# Assemble Boston dataframe

In [2]:
import pandas as pd
%matplotlib inline
import glob
import numpy as np
import matplotlib.pyplot as plt


In [3]:
# read in the data
datafiles = glob.glob('../Data/Boston/hubway_trips.csv')
datafiles

['../Data/Boston/hubway_trips.csv']

In [4]:
dall = [pd.read_csv(datafile) for datafile in datafiles]
dconcat = pd.concat(dall)

In [5]:
temp = pd.DatetimeIndex(dconcat['start_date'])
dconcat['start_day'] = temp.date
#dconcat['start_time'] = temp.time
dconcat['nrides'] = np.ones(len(dconcat))
dconcat = dconcat.rename(columns={'strt_statn': 'stationid'})
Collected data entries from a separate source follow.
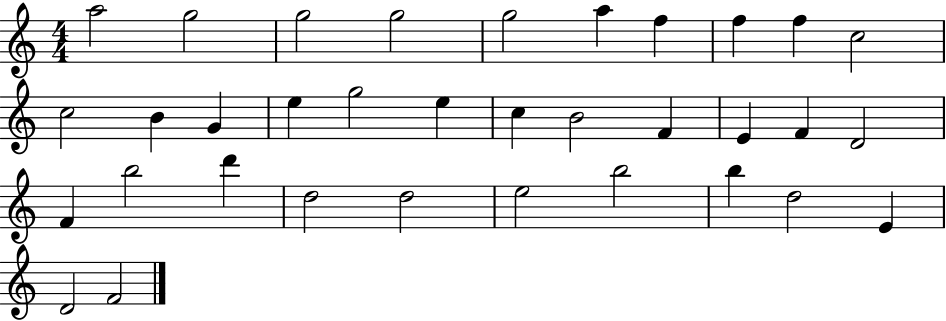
{
  \clef treble
  \numericTimeSignature
  \time 4/4
  \key c \major
  a''2 g''2 | g''2 g''2 | g''2 a''4 f''4 | f''4 f''4 c''2 | \break c''2 b'4 g'4 | e''4 g''2 e''4 | c''4 b'2 f'4 | e'4 f'4 d'2 | \break f'4 b''2 d'''4 | d''2 d''2 | e''2 b''2 | b''4 d''2 e'4 | \break d'2 f'2 | \bar "|."
}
###### Add features for number of rides per station.  Appoximate number of stations as number of unique start stations.

In [6]:
databydaygroup = dconcat.groupby(["stationid", "start_day"], as_index=False)

In [28]:
databydaygroup

<pandas.core.groupby.DataFrameGroupBy object at 0x107ef7650>

In [6]:
dconcat.columns

Index([u'seq_id', u'hubway_id', u'status', u'duration', u'start_date',
       u'stationid', u'end_date', u'end_statn', u'bike_nr', u'subsc_type',
       u'zip_code', u'birth_date', u'gender', u'start_day', u'nrides'],
      dtype='object')

In [7]:
dconcat.to_csv('../Data/Boston/hubway_trips_datetime.csv')

In [29]:
databyday = databydaygroup.agg({"nrides": lambda x: x.sum(), "duration": lambda x: np.median(x)})

In [31]:
databyday['ndays'] = np.ones(len(databyday))

In [37]:
databystation = databyday.groupby('stationid', as_index=False).agg({'nrides': lambda x: x.sum(), 'ndays': lambda x: x.sum(), 'duration': lambda x: np.median(x)})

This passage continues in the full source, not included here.